Chengyu Wang, Isabella Bennett, Henry Scott, Liang Zhang, Mei Chen, Hao Li, Rui Zhao

TL;DR

MatDecompSDF addresses the challenging inverse rendering problem by jointly learning a neural SDF geometry, spatially varying PBR materials, and an environment lighting model, all within a differentiable rendering framework. It introduces physically grounded priors (eikonal, material smoothness, metallic sparsity) to stabilize decomposition and enable editable, relightable assets. The approach yields state-of-the-art geometric and material fidelity on synthetic data and strong relighting performance on real DTU data, while delivering meshes and texture maps ready for standard graphics pipelines. This work advances practical 3D content creation by providing accurate, editable reconstructions that support realistic relighting and material editing from multi-view imagery.

Abstract

We present MatDecompSDF, a novel framework for recovering high-fidelity 3D shapes and decomposing their physically-based material properties from multi-view images. The core challenge of inverse rendering lies in the ill-posed disentanglement of geometry, materials, and illumination from 2D observations. Our method addresses this by jointly optimizing three neural components: a neural Signed Distance Function (SDF) to represent complex geometry, a spatially-varying neural field for predicting PBR material parameters (albedo, roughness, metallic), and an MLP-based model for capturing unknown environmental lighting. The key to our approach is a physically-based differentiable rendering layer that connects these 3D properties to the input images, allowing for end-to-end optimization. We introduce a set of carefully designed physical priors and geometric regularizations, including a material smoothness loss and an Eikonal loss, to effectively constrain the problem and achieve robust decomposition. Extensive experiments on both synthetic and real-world datasets (e.g., DTU) demonstrate that MatDecompSDF surpasses state-of-the-art methods in geometric accuracy, material fidelity, and novel view synthesis. Crucially, our method produces editable and relightable assets that can be seamlessly integrated into standard graphics pipelines, validating its practical utility for digital content creation.

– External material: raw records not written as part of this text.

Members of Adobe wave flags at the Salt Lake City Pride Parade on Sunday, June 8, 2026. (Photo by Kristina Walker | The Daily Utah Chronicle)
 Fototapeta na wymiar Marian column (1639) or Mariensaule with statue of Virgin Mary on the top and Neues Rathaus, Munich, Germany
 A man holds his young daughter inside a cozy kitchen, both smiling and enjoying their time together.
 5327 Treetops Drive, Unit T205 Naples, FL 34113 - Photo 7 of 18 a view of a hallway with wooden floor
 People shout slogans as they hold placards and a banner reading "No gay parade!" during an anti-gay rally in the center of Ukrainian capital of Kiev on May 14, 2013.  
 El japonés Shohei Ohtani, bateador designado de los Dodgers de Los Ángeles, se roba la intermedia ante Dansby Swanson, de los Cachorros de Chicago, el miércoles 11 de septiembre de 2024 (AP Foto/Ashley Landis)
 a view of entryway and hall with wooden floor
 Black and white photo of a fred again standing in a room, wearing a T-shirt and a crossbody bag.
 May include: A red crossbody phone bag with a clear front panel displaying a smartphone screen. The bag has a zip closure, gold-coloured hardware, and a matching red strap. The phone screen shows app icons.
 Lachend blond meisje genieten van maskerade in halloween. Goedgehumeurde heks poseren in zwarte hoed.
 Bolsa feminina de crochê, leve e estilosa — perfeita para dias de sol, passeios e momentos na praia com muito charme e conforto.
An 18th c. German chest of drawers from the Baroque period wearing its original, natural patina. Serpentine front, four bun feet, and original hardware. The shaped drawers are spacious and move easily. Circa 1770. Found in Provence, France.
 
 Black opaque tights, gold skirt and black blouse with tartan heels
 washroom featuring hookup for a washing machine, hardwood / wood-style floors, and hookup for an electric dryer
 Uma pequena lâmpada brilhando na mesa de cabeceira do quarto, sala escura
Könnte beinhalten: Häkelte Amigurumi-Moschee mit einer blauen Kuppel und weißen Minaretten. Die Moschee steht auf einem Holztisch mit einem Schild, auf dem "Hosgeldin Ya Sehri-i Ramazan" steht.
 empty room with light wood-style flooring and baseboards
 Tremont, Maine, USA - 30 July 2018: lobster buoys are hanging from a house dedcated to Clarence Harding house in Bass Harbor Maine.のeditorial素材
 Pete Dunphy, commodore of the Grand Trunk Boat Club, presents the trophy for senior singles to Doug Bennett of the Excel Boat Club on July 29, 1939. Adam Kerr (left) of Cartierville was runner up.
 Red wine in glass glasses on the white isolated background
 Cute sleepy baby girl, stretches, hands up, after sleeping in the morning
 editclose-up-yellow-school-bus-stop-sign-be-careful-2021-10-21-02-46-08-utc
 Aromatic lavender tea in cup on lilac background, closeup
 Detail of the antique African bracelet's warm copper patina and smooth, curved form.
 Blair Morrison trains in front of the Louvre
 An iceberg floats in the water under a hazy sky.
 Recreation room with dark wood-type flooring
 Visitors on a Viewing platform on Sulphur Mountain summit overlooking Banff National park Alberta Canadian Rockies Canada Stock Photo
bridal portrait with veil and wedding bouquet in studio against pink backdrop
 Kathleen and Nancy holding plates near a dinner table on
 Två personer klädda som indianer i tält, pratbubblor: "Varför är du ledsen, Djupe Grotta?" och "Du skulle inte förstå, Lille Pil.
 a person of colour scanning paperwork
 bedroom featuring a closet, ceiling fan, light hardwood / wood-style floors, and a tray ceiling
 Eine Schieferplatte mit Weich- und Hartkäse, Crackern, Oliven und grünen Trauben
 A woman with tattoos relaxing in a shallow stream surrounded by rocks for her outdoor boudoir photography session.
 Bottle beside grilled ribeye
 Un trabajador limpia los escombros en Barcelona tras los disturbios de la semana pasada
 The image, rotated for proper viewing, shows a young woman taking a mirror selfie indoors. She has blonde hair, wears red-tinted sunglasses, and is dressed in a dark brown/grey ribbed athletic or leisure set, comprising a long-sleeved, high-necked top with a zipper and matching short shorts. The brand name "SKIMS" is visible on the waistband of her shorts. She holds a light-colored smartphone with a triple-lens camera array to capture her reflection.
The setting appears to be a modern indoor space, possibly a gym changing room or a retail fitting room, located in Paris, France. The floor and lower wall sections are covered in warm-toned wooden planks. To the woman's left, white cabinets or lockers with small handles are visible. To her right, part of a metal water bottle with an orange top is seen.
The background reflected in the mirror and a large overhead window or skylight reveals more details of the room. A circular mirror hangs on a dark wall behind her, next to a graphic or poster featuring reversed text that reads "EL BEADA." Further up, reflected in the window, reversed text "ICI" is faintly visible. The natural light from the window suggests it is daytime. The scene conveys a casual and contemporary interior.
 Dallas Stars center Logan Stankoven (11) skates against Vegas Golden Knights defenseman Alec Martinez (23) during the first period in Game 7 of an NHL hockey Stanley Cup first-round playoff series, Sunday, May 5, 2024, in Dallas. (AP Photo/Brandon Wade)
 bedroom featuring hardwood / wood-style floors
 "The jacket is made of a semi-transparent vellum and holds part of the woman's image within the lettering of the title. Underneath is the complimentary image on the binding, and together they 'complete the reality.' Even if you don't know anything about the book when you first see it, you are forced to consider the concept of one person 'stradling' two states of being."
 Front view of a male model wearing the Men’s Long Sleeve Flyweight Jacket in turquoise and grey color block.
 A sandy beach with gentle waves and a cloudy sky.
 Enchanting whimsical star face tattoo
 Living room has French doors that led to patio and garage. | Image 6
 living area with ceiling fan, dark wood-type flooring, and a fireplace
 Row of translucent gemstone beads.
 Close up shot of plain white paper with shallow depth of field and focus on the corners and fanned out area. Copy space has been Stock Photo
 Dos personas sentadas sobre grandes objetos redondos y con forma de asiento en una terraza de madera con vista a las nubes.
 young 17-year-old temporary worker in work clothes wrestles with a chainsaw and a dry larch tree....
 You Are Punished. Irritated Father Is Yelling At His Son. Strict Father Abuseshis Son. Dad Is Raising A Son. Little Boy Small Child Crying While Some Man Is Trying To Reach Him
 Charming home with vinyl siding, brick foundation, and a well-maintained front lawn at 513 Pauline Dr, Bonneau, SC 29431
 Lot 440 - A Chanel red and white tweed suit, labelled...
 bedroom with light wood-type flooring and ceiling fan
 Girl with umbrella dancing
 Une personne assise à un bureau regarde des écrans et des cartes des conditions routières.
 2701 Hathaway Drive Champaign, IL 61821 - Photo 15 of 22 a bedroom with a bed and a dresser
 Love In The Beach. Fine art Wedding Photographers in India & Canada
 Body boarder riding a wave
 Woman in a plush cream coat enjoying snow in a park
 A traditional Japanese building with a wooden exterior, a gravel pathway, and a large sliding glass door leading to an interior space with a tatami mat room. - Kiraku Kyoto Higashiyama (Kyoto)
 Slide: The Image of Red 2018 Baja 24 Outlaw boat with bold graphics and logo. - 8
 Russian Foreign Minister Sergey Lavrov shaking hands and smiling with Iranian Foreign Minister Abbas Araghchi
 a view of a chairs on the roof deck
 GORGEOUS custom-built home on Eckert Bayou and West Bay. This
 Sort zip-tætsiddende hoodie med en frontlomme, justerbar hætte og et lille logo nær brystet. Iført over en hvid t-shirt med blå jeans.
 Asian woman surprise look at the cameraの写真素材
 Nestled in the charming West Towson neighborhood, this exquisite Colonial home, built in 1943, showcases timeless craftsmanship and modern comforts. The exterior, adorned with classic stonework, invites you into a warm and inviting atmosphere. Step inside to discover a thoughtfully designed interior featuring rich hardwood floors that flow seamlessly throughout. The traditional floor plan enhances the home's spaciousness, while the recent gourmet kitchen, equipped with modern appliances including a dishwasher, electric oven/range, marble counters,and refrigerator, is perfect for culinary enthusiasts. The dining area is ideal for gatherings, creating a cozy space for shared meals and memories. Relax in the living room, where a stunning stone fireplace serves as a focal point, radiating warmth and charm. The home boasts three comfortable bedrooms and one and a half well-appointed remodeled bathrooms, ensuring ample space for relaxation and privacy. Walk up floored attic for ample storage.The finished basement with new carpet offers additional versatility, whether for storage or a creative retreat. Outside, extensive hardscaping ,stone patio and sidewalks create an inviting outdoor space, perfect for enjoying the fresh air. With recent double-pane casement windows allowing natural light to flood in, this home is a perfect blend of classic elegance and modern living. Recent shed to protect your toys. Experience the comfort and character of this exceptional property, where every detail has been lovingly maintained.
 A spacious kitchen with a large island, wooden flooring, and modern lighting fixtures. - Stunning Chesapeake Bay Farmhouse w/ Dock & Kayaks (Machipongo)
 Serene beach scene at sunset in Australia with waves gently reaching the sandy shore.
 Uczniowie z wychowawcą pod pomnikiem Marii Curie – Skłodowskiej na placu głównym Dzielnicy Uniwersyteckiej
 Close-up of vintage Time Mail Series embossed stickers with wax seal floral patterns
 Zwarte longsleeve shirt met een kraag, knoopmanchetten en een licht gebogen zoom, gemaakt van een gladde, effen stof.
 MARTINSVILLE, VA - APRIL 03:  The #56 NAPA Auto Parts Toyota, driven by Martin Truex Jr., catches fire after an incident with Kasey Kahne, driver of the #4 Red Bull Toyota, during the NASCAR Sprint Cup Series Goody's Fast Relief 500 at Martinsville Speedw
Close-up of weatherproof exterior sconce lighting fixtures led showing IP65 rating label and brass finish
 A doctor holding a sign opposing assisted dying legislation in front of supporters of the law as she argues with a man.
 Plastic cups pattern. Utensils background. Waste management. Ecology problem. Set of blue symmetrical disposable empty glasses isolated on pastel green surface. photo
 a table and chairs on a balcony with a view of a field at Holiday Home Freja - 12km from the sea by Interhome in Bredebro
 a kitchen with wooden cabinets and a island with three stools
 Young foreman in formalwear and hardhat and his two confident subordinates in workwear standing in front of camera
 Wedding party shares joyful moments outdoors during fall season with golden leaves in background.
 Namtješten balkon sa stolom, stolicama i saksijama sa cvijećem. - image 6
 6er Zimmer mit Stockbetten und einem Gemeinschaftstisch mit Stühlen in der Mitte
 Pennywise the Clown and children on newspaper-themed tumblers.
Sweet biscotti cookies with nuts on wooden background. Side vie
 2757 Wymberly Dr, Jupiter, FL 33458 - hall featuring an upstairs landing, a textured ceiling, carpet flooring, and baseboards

MatDecompSDF: High-Fidelity 3D Shape and PBR Material Decomposition from Multi-View Images

TL;DR

MatDecompSDF addresses the challenging inverse rendering problem by jointly learning a neural SDF geometry, spatially varying PBR materials, and an environment lighting model, all within a differentiable rendering framework. It introduces physically grounded priors (eikonal, material smoothness, metallic sparsity) to stabilize decomposition and enable editable, relightable assets. The approach yields state-of-the-art geometric and material fidelity on synthetic data and strong relighting performance on real DTU data, while delivering meshes and texture maps ready for standard graphics pipelines. This work advances practical 3D content creation by providing accurate, editable reconstructions that support realistic relighting and material editing from multi-view imagery.

Abstract

We present MatDecompSDF, a novel framework for recovering high-fidelity 3D shapes and decomposing their physically-based material properties from multi-view images. The core challenge of inverse rendering lies in the ill-posed disentanglement of geometry, materials, and illumination from 2D observations. Our method addresses this by jointly optimizing three neural components: a neural Signed Distance Function (SDF) to represent complex geometry, a spatially-varying neural field for predicting PBR material parameters (albedo, roughness, metallic), and an MLP-based model for capturing unknown environmental lighting. The key to our approach is a physically-based differentiable rendering layer that connects these 3D properties to the input images, allowing for end-to-end optimization. We introduce a set of carefully designed physical priors and geometric regularizations, including a material smoothness loss and an Eikonal loss, to effectively constrain the problem and achieve robust decomposition. Extensive experiments on both synthetic and real-world datasets (e.g., DTU) demonstrate that MatDecompSDF surpasses state-of-the-art methods in geometric accuracy, material fidelity, and novel view synthesis. Crucially, our method produces editable and relightable assets that can be seamlessly integrated into standard graphics pipelines, validating its practical utility for digital content creation.

Paper Structure

This paper contains 45 sections, 7 equations, 4 figures, 3 tables, 1 algorithm.

Figures (4)

  • Figure 1: An overview of our proposed MatDecompSDF framework. Given multi-view images, we jointly optimize a geometry network ($f_{geo}$), a material network ($f_{mat}$), and a lighting network ($f_{light}$). A key component is our differentiable PBR volume renderer, which computes pixel colors based on the predicted geometry, materials, and lighting. The photometric loss between the rendered and ground-truth images, along with several regularization terms, drives the optimization to disentangle these three components.
  • Figure 2: Qualitative comparison of PBR material decomposition on the synthetic dataset. From top to bottom: Ground Truth, our MatDecompSDF, NVDIFFREC munkberg2022nvdiffrec, and Mat-NeuS zhang2022matneus. From left to right: Albedo, Roughness, and Metallic maps. Our method produces significantly cleaner albedo maps, free from the lighting and shadow artifacts present in the baselines, and more accurately recovers roughness and metallic properties.
  • Figure 3: Qualitative results on the DTU dataset and demonstration of relighting and editing capabilities. (a) Geometric reconstruction comparison, where our method captures finer details than the baseline. (b) Our reconstructed asset rendered under two novel lighting environments (a warm point light and a cool HDR map), exhibiting physically plausible shading. (c) Material editing demonstration: we modify the albedo map (center) and re-render the object (right), showing the correct appearance update.
  • Figure 4: Limitations and failure cases of our method. (Top) For highly transparent objects like glass, our framework fails to model light transport correctly, resulting in a distorted, opaque reconstruction. (Bottom) For materials with strong anisotropic reflectance like brushed metal, our PBR model cannot capture the direction-dependent highlights, leading to a blurry and inaccurate appearance.